_TASK_. Taking the listing below, restate word for word each line from the line with "Cammelli nella città" to the line with "Terrarium Workshop @ Knowle Village Hall", ends included, and stop there.

_DATA LISTING_.
*** Begin section ***

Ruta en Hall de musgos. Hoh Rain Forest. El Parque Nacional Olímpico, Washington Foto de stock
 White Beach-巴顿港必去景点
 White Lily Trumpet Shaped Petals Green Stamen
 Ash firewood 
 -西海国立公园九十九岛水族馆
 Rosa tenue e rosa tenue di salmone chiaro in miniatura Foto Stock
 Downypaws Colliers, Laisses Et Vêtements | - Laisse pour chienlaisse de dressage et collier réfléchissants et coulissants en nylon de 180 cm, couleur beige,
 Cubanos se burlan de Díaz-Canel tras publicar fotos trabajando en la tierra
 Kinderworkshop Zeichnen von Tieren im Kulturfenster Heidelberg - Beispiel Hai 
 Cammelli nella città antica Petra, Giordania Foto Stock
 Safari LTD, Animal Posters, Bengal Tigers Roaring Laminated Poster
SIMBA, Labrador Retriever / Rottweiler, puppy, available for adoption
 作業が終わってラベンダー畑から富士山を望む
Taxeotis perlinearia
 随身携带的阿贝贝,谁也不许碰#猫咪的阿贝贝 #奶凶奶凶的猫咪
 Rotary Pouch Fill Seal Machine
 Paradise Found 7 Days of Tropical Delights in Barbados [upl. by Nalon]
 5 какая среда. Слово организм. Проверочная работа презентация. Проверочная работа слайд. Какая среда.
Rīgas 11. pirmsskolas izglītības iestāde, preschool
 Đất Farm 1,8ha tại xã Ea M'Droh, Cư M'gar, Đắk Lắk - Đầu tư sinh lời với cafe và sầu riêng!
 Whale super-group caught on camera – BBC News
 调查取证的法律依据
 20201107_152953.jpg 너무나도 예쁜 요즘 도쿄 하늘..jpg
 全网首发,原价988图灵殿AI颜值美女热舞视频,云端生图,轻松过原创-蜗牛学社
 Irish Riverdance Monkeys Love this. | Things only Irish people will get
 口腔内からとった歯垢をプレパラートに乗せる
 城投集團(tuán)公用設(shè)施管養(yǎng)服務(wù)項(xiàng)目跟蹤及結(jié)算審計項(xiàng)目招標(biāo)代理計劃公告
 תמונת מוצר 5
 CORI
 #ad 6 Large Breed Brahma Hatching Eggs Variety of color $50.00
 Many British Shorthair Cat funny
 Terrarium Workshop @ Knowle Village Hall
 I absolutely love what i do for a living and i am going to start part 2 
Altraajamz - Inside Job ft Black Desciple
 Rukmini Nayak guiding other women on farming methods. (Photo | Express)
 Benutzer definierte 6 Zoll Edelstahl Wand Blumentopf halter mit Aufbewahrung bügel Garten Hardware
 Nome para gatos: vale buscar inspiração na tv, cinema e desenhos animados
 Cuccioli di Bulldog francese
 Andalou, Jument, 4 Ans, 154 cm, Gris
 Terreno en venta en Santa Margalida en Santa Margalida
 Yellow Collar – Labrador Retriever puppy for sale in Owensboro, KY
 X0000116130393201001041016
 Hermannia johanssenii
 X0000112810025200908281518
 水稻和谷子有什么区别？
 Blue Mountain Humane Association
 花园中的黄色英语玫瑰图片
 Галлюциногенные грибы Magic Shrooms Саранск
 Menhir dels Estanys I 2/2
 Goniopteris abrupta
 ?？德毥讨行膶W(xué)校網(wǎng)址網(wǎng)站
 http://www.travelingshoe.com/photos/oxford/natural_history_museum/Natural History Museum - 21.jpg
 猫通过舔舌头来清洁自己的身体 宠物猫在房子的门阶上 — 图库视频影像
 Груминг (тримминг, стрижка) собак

*** End section ***

_ANSWER SECTION_.
 Cammelli nella città antica Petra, Giordania Foto Stock
 Safari LTD, Animal Posters, Bengal Tigers Roaring Laminated Poster
SIMBA, Labrador Retriever / Rottweiler, puppy, available for adoption
 作業が終わってラベンダー畑から富士山を望む
Taxeotis perlinearia
 随身携带的阿贝贝,谁也不许碰#猫咪的阿贝贝 #奶凶奶凶的猫咪
 Rotary Pouch Fill Seal Machine
 Paradise Found 7 Days of Tropical Delights in Barbados [upl. by Nalon]
 5 какая среда. Слово организм. Проверочная работа презентация. Проверочная работа слайд. Какая среда.
Rīgas 11. pirmsskolas izglītības iestāde, preschool
 Đất Farm 1,8ha tại xã Ea M'Droh, Cư M'gar, Đắk Lắk - Đầu tư sinh lời với cafe và sầu riêng!
 Whale super-group caught on camera – BBC News
 调查取证的法律依据
 20201107_152953.jpg 너무나도 예쁜 요즘 도쿄 하늘..jpg
 全网首发,原价988图灵殿AI颜值美女热舞视频,云端生图,轻松过原创-蜗牛学社
 Irish Riverdance Monkeys Love this. | Things only Irish people will get
 口腔内からとった歯垢をプレパラートに乗せる
 城投集團(tuán)公用設(shè)施管養(yǎng)服務(wù)項(xiàng)目跟蹤及結(jié)算審計項(xiàng)目招標(biāo)代理計劃公告
 תמונת מוצר 5
 CORI
 #ad 6 Large Breed Brahma Hatching Eggs Variety of color $50.00
 Many British Shorthair Cat funny
 Terrarium Workshop @ Knowle Village Hall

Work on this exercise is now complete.